Нет, Хомчик не понимала этого. Похоже, в этой жизни она не понимала вообще ничего. Не видела и не хотела видеть. Синяки на Саше соседи начали замечать с начала месяца, сразу, как переселился к ним Таракевич: у Бича прорезался «воспитательный» инстинкт. (Деталь: двое родных детей его умерли сразу после рождения). Ее волновали три вещи: стол, на столе и кровать.

Получив от женщины деньги, Таракевич в стельку напился и попал в вытрезвитель. На следующий день заявился на квартиру, где его тут же пригласили за стол. Выпили, хозяйка Елена Лапко заодно покормила мальчика. После того как хозяева удалились, Хомчик с Таракевичем поругались и подрались. Затем "сильная половина" завалилась спать, а «слабая» с расстройства засобиралась в деревню.

…Когда вечером хозяйка зашла в комнату жильцов, то увидела закрученного в "клеенки, типа пеленки" и связанного по рукам и ногам малыша.

– Где это быдло?! – проревел Таракевич, имея в виду сожительницу. Видно было, что он очухался и опять взялся за «воспитание». – Лежать всем тихо! Баю-ба-ай.

– Что ж ты здесь вытворяешь! Напился – будь человеком. – Лапко пригрозила мужем, милицией и захлопнула дверь.

Ночью она проснулась от плача ребенка, пришлось еще раз заглянуть в комнату квартирантов. Хомчик не было, а мальчишка по-прежнему связанный, лежал и плакал. «Воспитатель», выспавшись за день, оскалился, помахал ремнем:

– Гы-ы, не мешай.

Хозяйка захлопнула дверь и пошла спать, проклиная день, когда взяла к себе таких квартирантов. (Между прочим, она, медсестра, могла бы оказать ребенку помощь, позвать мужа, соседей).

Утром Елена, а было это в воскресенье, решила покормить сына квартирантки, которой все еще не было. При дневном свете Сашу она не узнала: из «пеленок» выглядывало вспухшее с затравленным взглядом детское лицо и что-то пищало.

– Да зуб у него болит, зу-уб, – криво улыбаясь заверил «папаша». – Зацепился кривоногий за порог, упал и побился.

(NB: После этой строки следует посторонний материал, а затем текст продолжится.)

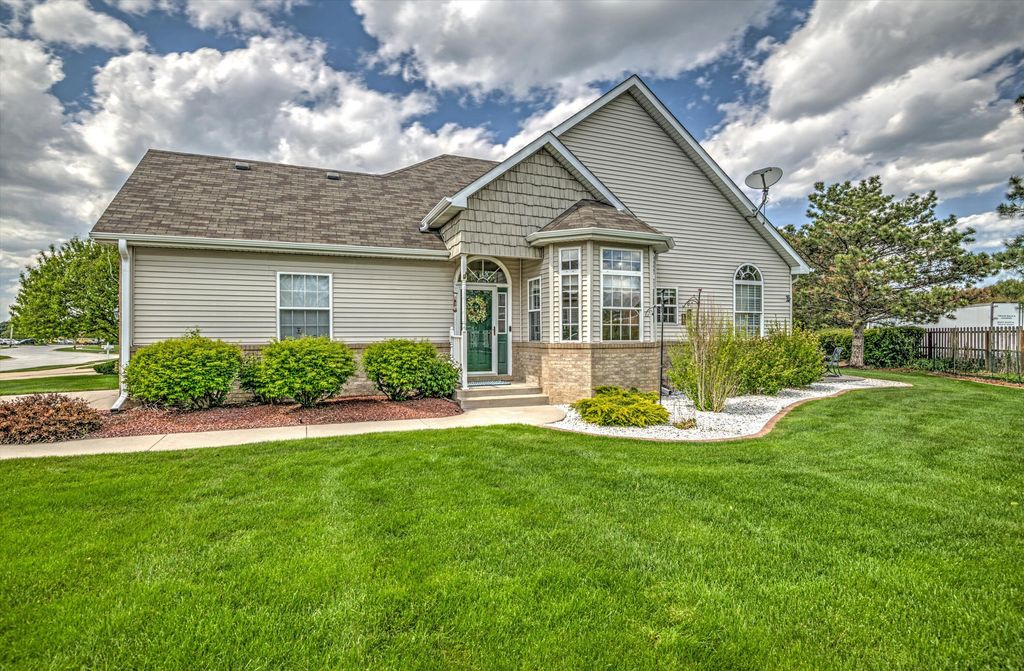 Photo of 8113 Victoria Place, Crown Point, IN 46307 (MLS # 838494)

Хозяева отбыли на рынок. Пусть мамаша приходит и разбирается. Когда вернулись обратно, Саша уже лежал на диване, накрытый телогрейкой, и странно хрипел.

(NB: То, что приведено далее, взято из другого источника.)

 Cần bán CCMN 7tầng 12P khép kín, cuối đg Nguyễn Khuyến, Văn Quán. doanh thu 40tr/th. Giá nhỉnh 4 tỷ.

– Тс-с-с. Он спит. Не будить, – скорчив идиотскую рожу, прорычал Таракевич на вошедших.

Пьяная вдрызг Хомчик что-то бессвязно бормотала, сама не решаясь подступиться к сыну. К тому же Таракевич к нему никого не подпускал. Но Лапко наконец-то заметили, что у мальчика идет горлом кровь и непомерно вспух затылок. И этот странный хрип, чуть слышный из-под телогрейки. Скорее «скорую», скорее…

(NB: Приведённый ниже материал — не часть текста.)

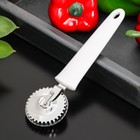 Нож для пиццы и теста Доляна «Сливки», ребристый, цвет белый - Фото 1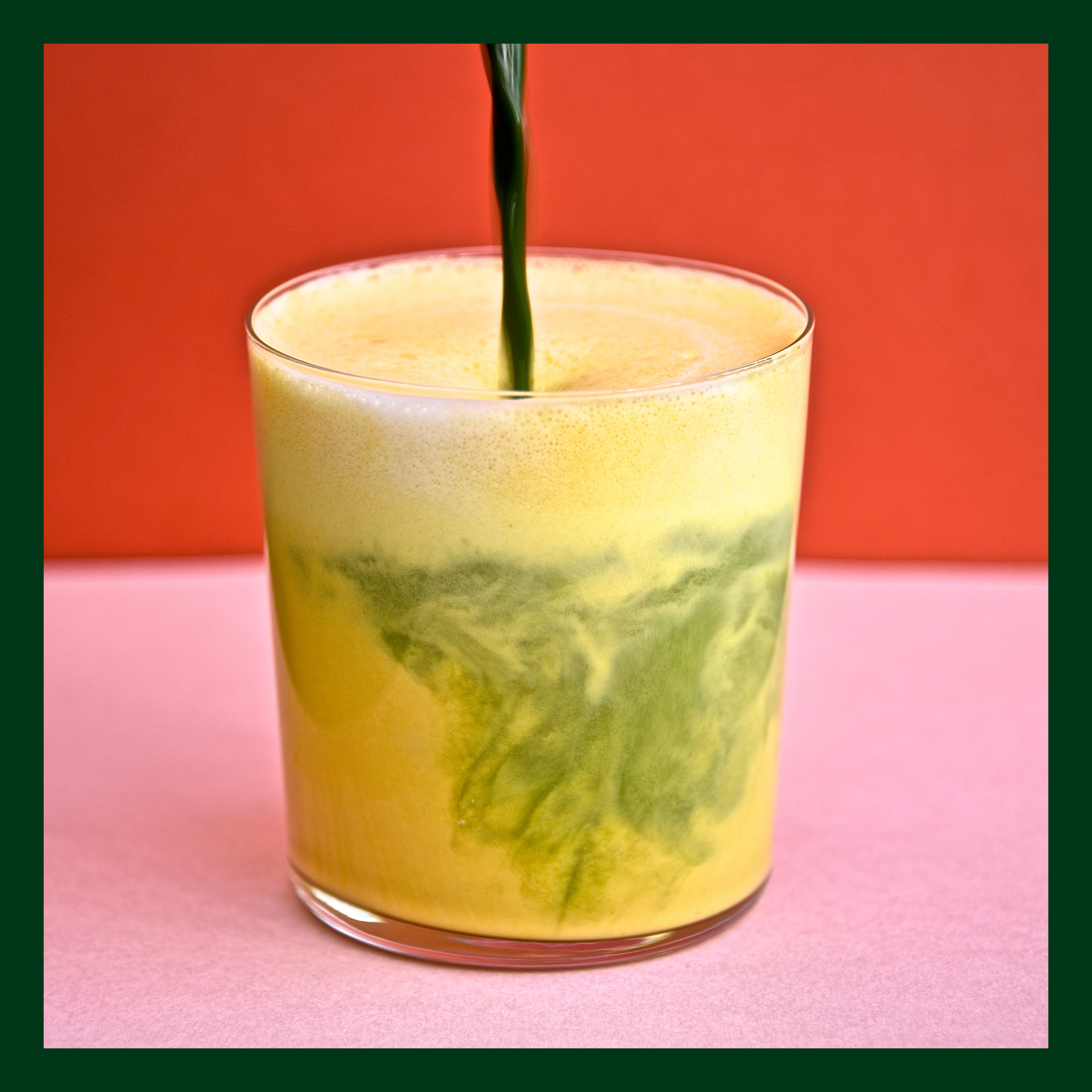 SPICED MATCHA LATTE WITH STRAW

"Саша отставал, конечно, в своем развитии, не разговаривал, поздно начал ходить. Пособие на ребенка сестра пропивала до копейки. Я предлагала лишить ее родительских прав, в милиции сказали, что нужны свидетели. Соседи были «за». Но официально это никто подтвердить не хотел (!)… На следующий день, т. е. в понедельник, Наталья сказала, что сынишка упал вчера с лестницы и его увезли в больницу. Но я была в больнице и все узнала, догадалась. Сама я и хоронила Сашеньку…"

(Из показаний сестры Хомчик).

"Саша часто мочился под себя, и Тара-кевич начал избивать его, будучи и пьяным и трезвым. Я пыталась выгонять сожителя, но он не уходил. Синяки на Сашином теле видела, на что Таракевич отвечал, мол, ребенок сам падал. ."

(Из показаний Н.Хомчик).

"Я связывал мальчику руки и ноги веревкой, потому что у него ноги были кривые и я хотел их выровнять. Он часто мочился в кровать, и я его отучал от этого. 20 января я несколько раз ударил его ладошкой за то, что он разбросал посуду на столе… 12 января Саша написал в штаны, и я поставил его возле батареи обсыхать. . Больше не помню – был пьян".

(Из показаний П.Таракевича).

…Поняв, что "дело пахнет керосином", ублюдок поспешил скрыться. Органами милиции был пойман в начале марта. Виновным признал себя частично, уповая на то, что был пьян. Последнее обстоятельство, как известно, вину усугубляет. О случившемся не сожалеет.